▸ What the exercise asks: Pictures don't belong in the copy; print all the records exactly.

+++ Records for processing

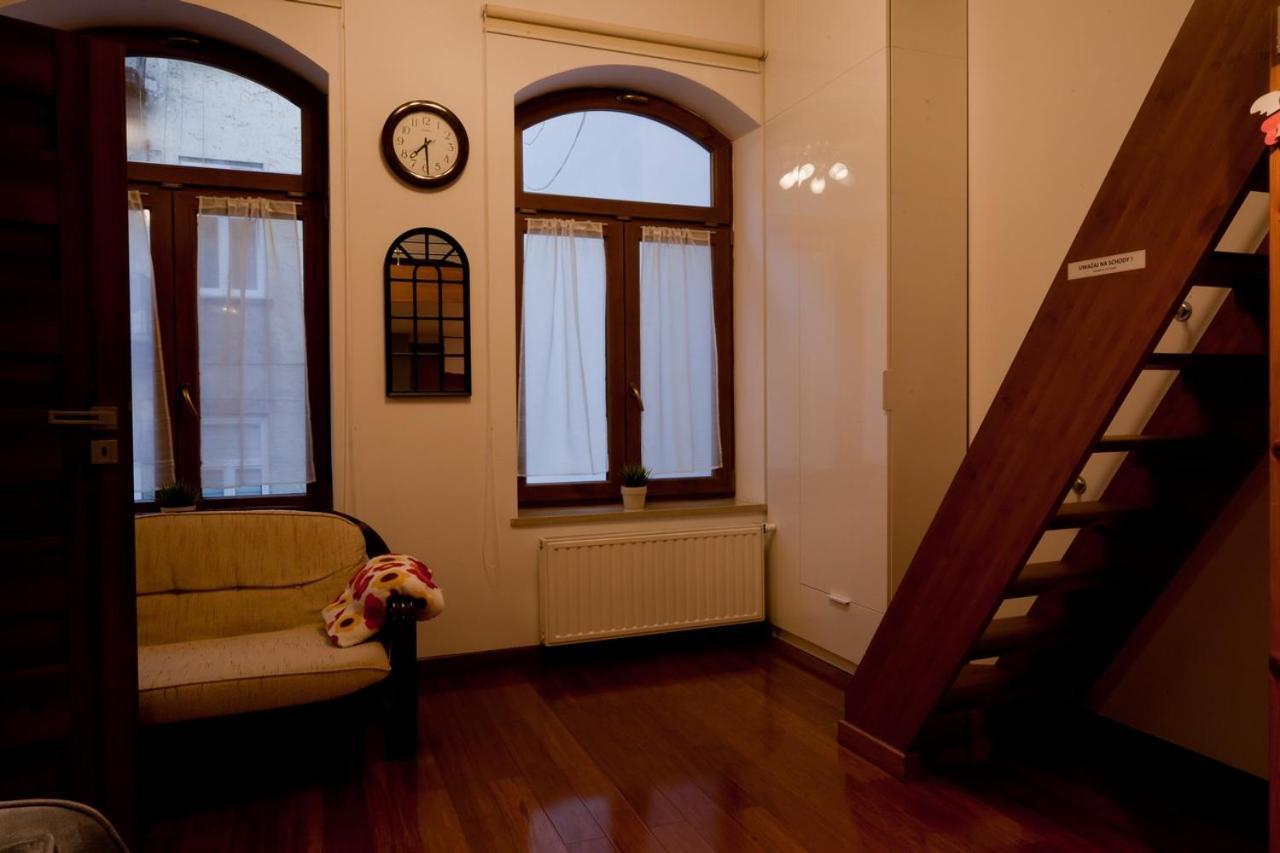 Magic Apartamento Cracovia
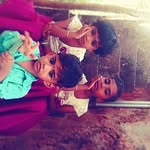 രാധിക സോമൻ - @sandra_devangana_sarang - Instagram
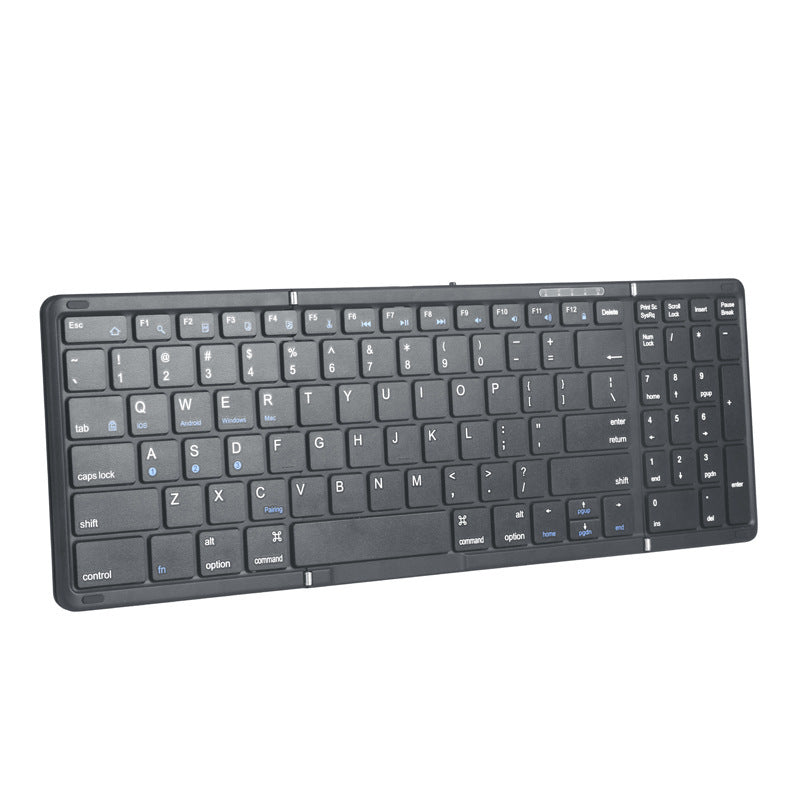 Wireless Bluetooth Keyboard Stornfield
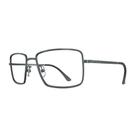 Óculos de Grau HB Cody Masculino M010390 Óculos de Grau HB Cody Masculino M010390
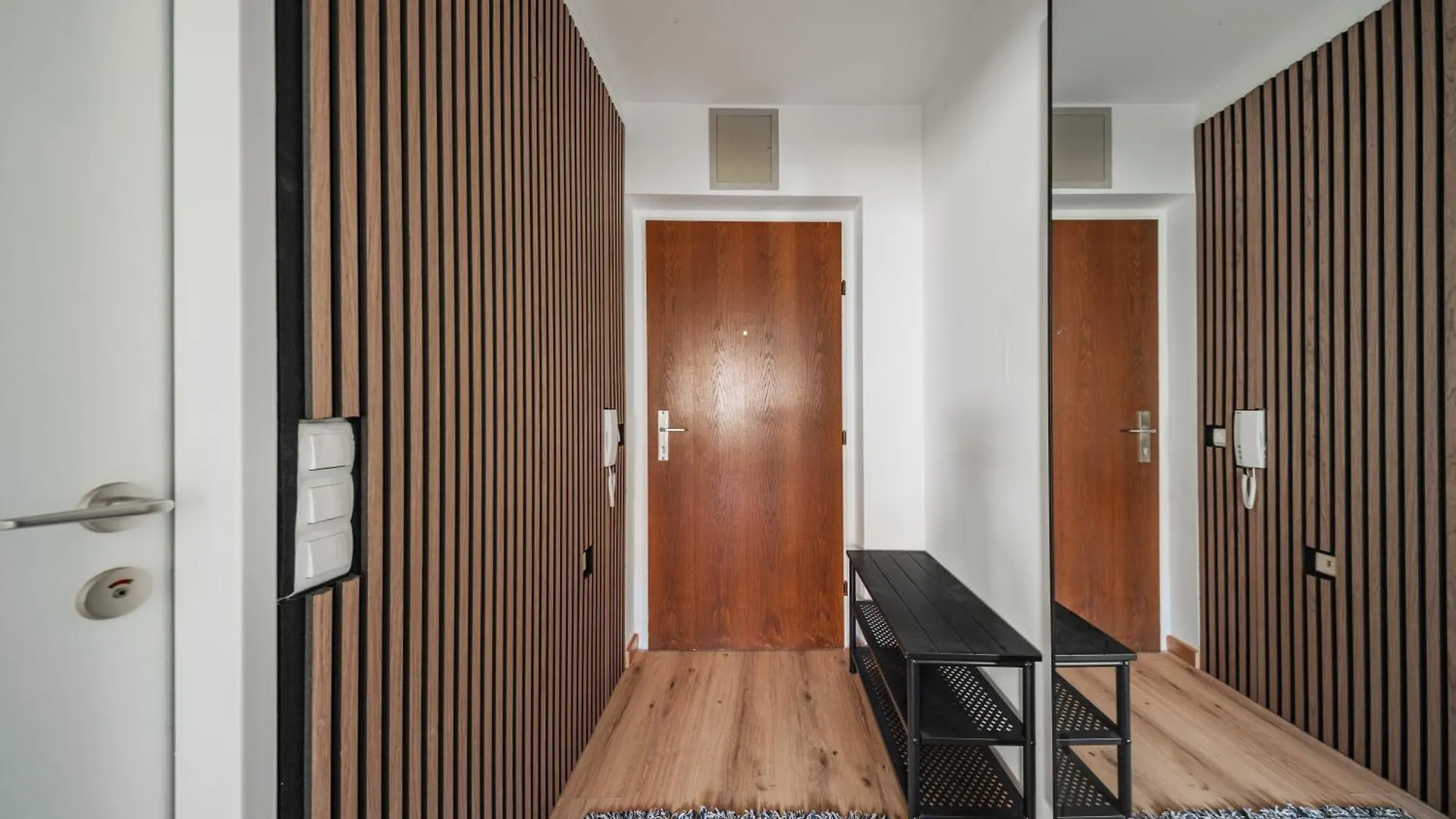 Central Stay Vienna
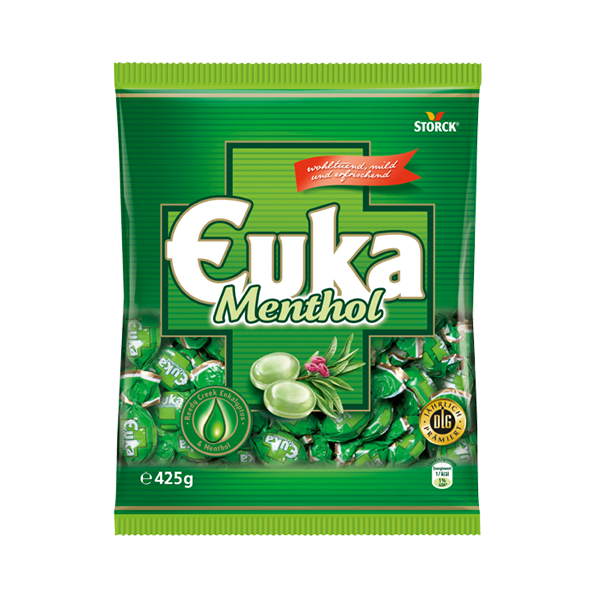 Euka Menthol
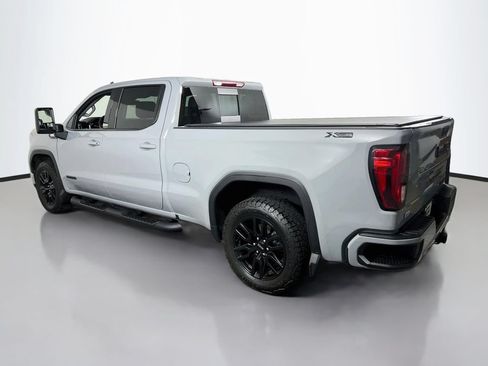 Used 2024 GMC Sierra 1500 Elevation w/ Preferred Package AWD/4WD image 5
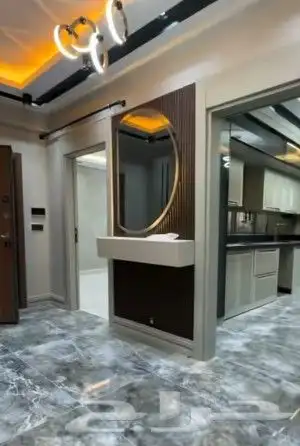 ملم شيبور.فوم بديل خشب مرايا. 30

++++++

▸ Response area:
 Magic Apartamento Cracovia
 രാധിക സോമൻ - @sandra_devangana_sarang - Instagram
 Wireless Bluetooth Keyboard Stornfield
 Óculos de Grau HB Cody Masculino M010390 Óculos de Grau HB Cody Masculino M010390
 Central Stay Vienna
 Euka Menthol
 Used 2024 GMC Sierra 1500 Elevation w/ Preferred Package AWD/4WD image 5
 ملم شيبور.فوم بديل خشب مرايا. 30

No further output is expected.